Petroleum consumption in the country has cratered in the last year or so, and the reasons have been talked of many times in this space. The latest OMC sales on the whole look the same where volumes of the three main petroleum products together remained down by almost 7 percent year-on-year in 4MFY20, where the major drag came from the furnace oil and high speed diesel. The reason for the decline furnace oil volumes(16% YoY) is well known as furnace oil is aggressively being replaced from the power sector; whereas high speed diesel suffers from excessive smuggling of the same as well as slow economic growth in the country. On the other hand, motor gasoline supported the overall sales by the oil marketing companies.

The year-on-year trend in October 2019 has been no different but the month-on-month comparison shows an interesting twist. Following the month-on-month recovery in HSD volumes in September 2019 where bulk was attributed to low base in the preceding month (Aug-2019), HSD volumes sold by the oil marketing companies have seen an increase of around 19 percent month-on-month in October 2019, and an improvement in diesel volumes these days is encouraging as its consumption is positively linked to economic activity. Whether an economic turnaround is around the corner or it’s too early to predict a rebound in the industrial growth – growth in HSD consumption for two consecutive months is noticeable and a good sign especially after it started plummeting in mid 2018 especially when there is still no respite on the smuggling aspect, nor it’s pricing.
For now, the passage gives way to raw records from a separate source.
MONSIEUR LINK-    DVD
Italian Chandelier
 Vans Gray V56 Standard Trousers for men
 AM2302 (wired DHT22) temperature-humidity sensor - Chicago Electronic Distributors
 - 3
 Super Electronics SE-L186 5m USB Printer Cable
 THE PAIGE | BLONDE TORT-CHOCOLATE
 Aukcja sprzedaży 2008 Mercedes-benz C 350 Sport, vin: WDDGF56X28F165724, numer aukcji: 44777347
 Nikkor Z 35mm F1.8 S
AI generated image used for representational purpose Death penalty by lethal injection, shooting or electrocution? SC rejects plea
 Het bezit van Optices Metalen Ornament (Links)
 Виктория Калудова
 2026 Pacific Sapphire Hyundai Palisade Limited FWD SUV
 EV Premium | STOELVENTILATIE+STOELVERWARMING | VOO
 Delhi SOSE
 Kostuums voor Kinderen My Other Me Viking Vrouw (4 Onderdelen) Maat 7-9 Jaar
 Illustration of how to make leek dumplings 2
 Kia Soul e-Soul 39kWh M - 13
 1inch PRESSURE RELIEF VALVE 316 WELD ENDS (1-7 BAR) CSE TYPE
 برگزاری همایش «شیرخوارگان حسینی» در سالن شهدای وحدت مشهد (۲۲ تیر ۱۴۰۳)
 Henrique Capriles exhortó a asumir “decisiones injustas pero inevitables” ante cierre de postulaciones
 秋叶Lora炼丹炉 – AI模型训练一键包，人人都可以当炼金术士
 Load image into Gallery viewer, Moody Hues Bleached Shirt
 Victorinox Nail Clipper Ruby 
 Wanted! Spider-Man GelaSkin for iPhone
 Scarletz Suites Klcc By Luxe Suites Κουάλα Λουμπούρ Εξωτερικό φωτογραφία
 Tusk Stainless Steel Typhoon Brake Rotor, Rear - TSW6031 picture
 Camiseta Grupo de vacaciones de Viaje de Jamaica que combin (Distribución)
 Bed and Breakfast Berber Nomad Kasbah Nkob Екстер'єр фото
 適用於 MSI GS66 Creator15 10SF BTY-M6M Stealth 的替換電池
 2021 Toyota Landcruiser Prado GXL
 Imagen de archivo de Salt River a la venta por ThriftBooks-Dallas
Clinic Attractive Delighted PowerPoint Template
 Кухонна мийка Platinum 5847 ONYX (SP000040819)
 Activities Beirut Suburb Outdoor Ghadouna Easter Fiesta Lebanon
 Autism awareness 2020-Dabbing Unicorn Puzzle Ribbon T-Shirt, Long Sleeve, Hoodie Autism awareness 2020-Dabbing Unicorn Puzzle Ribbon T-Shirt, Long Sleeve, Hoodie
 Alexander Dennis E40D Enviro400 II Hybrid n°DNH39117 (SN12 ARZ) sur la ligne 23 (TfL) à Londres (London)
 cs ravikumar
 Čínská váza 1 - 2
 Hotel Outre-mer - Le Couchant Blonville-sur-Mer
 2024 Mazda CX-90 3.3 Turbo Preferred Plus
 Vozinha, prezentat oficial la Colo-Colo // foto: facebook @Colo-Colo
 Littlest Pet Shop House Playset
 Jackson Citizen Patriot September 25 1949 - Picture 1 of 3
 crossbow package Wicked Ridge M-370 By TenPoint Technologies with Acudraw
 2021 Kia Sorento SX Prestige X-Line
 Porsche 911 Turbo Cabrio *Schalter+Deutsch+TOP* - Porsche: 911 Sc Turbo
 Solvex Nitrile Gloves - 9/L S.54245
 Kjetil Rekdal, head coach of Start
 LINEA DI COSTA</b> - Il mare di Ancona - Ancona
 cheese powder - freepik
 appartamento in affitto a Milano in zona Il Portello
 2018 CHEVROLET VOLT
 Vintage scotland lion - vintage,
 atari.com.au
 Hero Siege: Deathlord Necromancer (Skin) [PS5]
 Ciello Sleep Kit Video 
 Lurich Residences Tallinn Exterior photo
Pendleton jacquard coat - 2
With overall petroleum sales under pressure, the market shares of the OMCs have also seen contraction off late amid intense competition. However, in recent months especially the summer season, PSO regained some of its lost market share primarily due to its increase in sales of furnace oil. Among other listed players, HASCOL that has lost significant market share in the last one year and stood at 5 percent in 1QFY20 versus 13 percent in 1QFY19, has finally seen a recovery in its share, which could be due to a change in policy after dismal 9MCY19 financial performance.